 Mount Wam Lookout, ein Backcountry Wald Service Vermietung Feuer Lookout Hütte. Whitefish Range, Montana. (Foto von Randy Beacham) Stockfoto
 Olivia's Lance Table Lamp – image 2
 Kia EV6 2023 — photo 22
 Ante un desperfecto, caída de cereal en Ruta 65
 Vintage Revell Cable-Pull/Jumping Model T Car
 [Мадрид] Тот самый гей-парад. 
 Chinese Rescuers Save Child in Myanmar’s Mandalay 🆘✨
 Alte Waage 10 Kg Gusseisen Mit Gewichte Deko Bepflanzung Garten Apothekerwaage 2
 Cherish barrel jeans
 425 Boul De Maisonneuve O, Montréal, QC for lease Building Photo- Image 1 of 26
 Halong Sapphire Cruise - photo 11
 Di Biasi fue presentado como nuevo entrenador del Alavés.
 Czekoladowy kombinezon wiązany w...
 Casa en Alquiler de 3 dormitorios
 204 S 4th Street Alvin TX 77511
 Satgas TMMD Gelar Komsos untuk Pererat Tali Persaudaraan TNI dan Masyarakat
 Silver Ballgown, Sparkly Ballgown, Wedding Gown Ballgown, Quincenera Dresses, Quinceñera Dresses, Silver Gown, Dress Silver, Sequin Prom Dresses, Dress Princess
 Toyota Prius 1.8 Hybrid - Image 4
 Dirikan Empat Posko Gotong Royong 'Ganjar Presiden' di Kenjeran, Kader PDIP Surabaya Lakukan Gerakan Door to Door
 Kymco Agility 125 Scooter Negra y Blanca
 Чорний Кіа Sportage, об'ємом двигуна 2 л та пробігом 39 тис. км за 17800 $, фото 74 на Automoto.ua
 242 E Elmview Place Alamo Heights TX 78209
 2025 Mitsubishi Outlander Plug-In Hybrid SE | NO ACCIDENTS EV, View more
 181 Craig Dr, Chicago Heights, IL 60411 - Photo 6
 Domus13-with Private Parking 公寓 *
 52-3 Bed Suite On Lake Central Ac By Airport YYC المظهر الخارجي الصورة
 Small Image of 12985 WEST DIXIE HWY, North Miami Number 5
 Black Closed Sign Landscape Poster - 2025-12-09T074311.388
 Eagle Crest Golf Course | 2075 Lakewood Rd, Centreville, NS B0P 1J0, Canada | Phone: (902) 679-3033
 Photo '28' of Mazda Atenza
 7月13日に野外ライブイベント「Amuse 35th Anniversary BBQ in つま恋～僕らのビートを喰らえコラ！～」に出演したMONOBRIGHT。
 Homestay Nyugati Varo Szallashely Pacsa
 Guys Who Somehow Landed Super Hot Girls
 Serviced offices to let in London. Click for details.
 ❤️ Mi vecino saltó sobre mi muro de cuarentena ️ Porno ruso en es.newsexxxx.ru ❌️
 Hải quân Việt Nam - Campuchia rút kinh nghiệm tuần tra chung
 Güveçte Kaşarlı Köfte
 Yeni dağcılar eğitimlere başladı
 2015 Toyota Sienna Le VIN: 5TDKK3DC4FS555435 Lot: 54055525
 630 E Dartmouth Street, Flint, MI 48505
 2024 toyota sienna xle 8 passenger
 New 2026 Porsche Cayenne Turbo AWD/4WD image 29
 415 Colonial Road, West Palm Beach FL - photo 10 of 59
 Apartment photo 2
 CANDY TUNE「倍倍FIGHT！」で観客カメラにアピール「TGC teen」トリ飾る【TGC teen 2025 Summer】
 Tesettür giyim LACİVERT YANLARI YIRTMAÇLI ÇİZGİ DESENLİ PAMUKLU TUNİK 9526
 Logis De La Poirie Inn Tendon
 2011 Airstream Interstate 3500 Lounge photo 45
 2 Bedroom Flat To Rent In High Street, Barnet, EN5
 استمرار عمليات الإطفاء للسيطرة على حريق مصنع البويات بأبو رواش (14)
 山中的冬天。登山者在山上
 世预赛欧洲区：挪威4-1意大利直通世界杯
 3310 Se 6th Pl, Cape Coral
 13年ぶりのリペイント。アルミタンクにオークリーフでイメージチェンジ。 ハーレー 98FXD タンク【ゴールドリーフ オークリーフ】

━━━━━━━━━━━━━━━━

The lines above starting at the one that contains "204 S 4th Street Alvin TX 77511" and ending at the one that contains "Logis De La Poirie Inn Tendon" must be transcribed exactly, and no other lines may appear.

 204 S 4th Street Alvin TX 77511
 Satgas TMMD Gelar Komsos untuk Pererat Tali Persaudaraan TNI dan Masyarakat
 Silver Ballgown, Sparkly Ballgown, Wedding Gown Ballgown, Quincenera Dresses, Quinceñera Dresses, Silver Gown, Dress Silver, Sequin Prom Dresses, Dress Princess
 Toyota Prius 1.8 Hybrid - Image 4
 Dirikan Empat Posko Gotong Royong 'Ganjar Presiden' di Kenjeran, Kader PDIP Surabaya Lakukan Gerakan Door to Door
 Kymco Agility 125 Scooter Negra y Blanca
 Чорний Кіа Sportage, об'ємом двигуна 2 л та пробігом 39 тис. км за 17800 $, фото 74 на Automoto.ua
 242 E Elmview Place Alamo Heights TX 78209
 2025 Mitsubishi Outlander Plug-In Hybrid SE | NO ACCIDENTS EV, View more
 181 Craig Dr, Chicago Heights, IL 60411 - Photo 6
 Domus13-with Private Parking 公寓 *
 52-3 Bed Suite On Lake Central Ac By Airport YYC المظهر الخارجي الصورة
 Small Image of 12985 WEST DIXIE HWY, North Miami Number 5
 Black Closed Sign Landscape Poster - 2025-12-09T074311.388
 Eagle Crest Golf Course | 2075 Lakewood Rd, Centreville, NS B0P 1J0, Canada | Phone: (902) 679-3033
 Photo '28' of Mazda Atenza
 7月13日に野外ライブイベント「Amuse 35th Anniversary BBQ in つま恋～僕らのビートを喰らえコラ！～」に出演したMONOBRIGHT。
 Homestay Nyugati Varo Szallashely Pacsa
 Guys Who Somehow Landed Super Hot Girls
 Serviced offices to let in London. Click for details.
 ❤️ Mi vecino saltó sobre mi muro de cuarentena ️ Porno ruso en es.newsexxxx.ru ❌️
 Hải quân Việt Nam - Campuchia rút kinh nghiệm tuần tra chung
 Güveçte Kaşarlı Köfte
 Yeni dağcılar eğitimlere başladı
 2015 Toyota Sienna Le VIN: 5TDKK3DC4FS555435 Lot: 54055525
 630 E Dartmouth Street, Flint, MI 48505
 2024 toyota sienna xle 8 passenger
 New 2026 Porsche Cayenne Turbo AWD/4WD image 29
 415 Colonial Road, West Palm Beach FL - photo 10 of 59
 Apartment photo 2
 CANDY TUNE「倍倍FIGHT！」で観客カメラにアピール「TGC teen」トリ飾る【TGC teen 2025 Summer】
 Tesettür giyim LACİVERT YANLARI YIRTMAÇLI ÇİZGİ DESENLİ PAMUKLU TUNİK 9526
 Logis De La Poirie Inn Tendon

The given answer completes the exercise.